空间光学载荷微纳动力学及其诱导波前畸变补偿的集成设计

The observation satellites with high resulation will be developed emphatically during China's 13th Five-Year Plan. This project aims to the serious wavefront distortions of their optical payloads with high stability. The modeling approach of the micro-nano dynamics is investigated as well as the wavefront distortion compensation control and the integrated design approach. At first, the micro-nano dynamics modeling is proposed in the range of high stability. The Preisach hysteresis is employed to derive the microdeformation dynamics model of the typical plate unit. The Maxwell friction is employed to construct the spontaneous micro-nano sliding dynamics of the joints in optical payloads. Next, the macro dynamics and the micro-nano dynamics are synthesized to present the cross scale dynamics of the optical payloads. Then, the fast piezoelectric steering mirror and the microdeformation MEMS mirror are employed as actuators. The rigid wavefront distortions are compensated using the composite axis robust control. The nonuniform wavefront distortions are compensated using the distributed control. Furthermore, the control loops are optimized by the integrated design. Finally, the effectivenesss of the proposed methods in this project will be demonstrated by implementing the micro-nano dynamics experiments and the wavefront distortion compensation experiments of the optical payloads. This project is beneficial to overcoming the space resolution limition of observation satellites and achieve the decimeter scale imaging.

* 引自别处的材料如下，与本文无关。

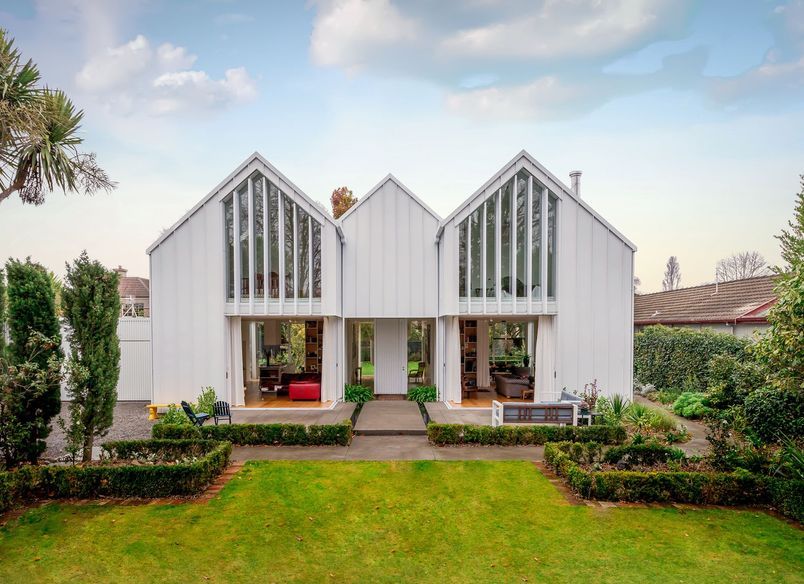 Fendalton Home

本项目以“十三五”期间国家将重点研发的高分辨率观测卫星为背景，针对其高稳定光学载荷突出的波前畸变问题，研究微纳动力学建模方法、波前畸变的补偿控制方法和集成设计方法。首先在高稳定区间开展光学载荷微纳动力学建模研究，针对面状单元采用Preisach迟滞建立微变形动力学模型，针对铰链单元采用麦克斯韦摩擦环节构造微钠滑移动力学模型；其次通过综合各单元宏观尺度动力学和微纳尺度动力学建立光学载荷的跨尺度微纳动力学模型；然后推导微钠动力学诱导波前畸变，并研究波前畸变的补偿和集成设计方法，其中快摆镜和MEMS微变形镜作为执行器，对刚体波前畸变进行复合轴控制补偿，对非一致波前畸变进行分布式控制补偿，并对控制回路进行集成优化设计；最后通过光学载荷微纳动力学试验和波前畸变补偿控制试验验证本项目研究方法的有效性。本项目研究对我国观测卫星突破空间分辨率限制，实现分米级成像有重要的促进作用。

本项目以高分辨率观测卫星为背景，针对高稳定光学载荷突出的微纳动力学和波前畸变问题，探索了微纳动力学建模方法、补偿控制方法和集成设计方法。在高稳定区间研究了展开式光学载荷典型单元微纳动力学机理建模问题，探索了铰链微纳滑移动力学模型。为拓展望远镜口径，提出了基于载荷编队和复合编队的展开式空间分布望远镜设计，研究了其微纳动力学及诱导波前畸变机理，并探索了展开式空间光学载荷与卫星的跨尺度微纳动力学，分析了微纳动力学诱导波前畸变问题。为提高在空间物理科学中的应用，进一步拓展研究了空间分布系统的广域微纳动力学行为。针对光学载荷光轴抖动和波前畸变，探索了复合轴控制、自适应控制及分布式鲁棒控制方法，实现了微纳量级的波前畸变补偿，并进行了微纳动力学实验研究。为提升集成度，针对展开式光学载荷给出了一种波前畸变主动补偿的集成优化控制方法。在本项目研究成果的工程应用方面，基于项目相关技术，研制了4种原理样机，其中超静主动隔振样机应用到空间站时频科学实验系统，空间目标模拟与跟踪样机应用到国防项目。在技术指标实现方面，仿真表明所研究的载荷编队及复合编队将波前畸变降低3个数量级以上，所采用的非一致波前畸变分布式控制将波前畸变降低3个量级，实现了项目所提技术指标。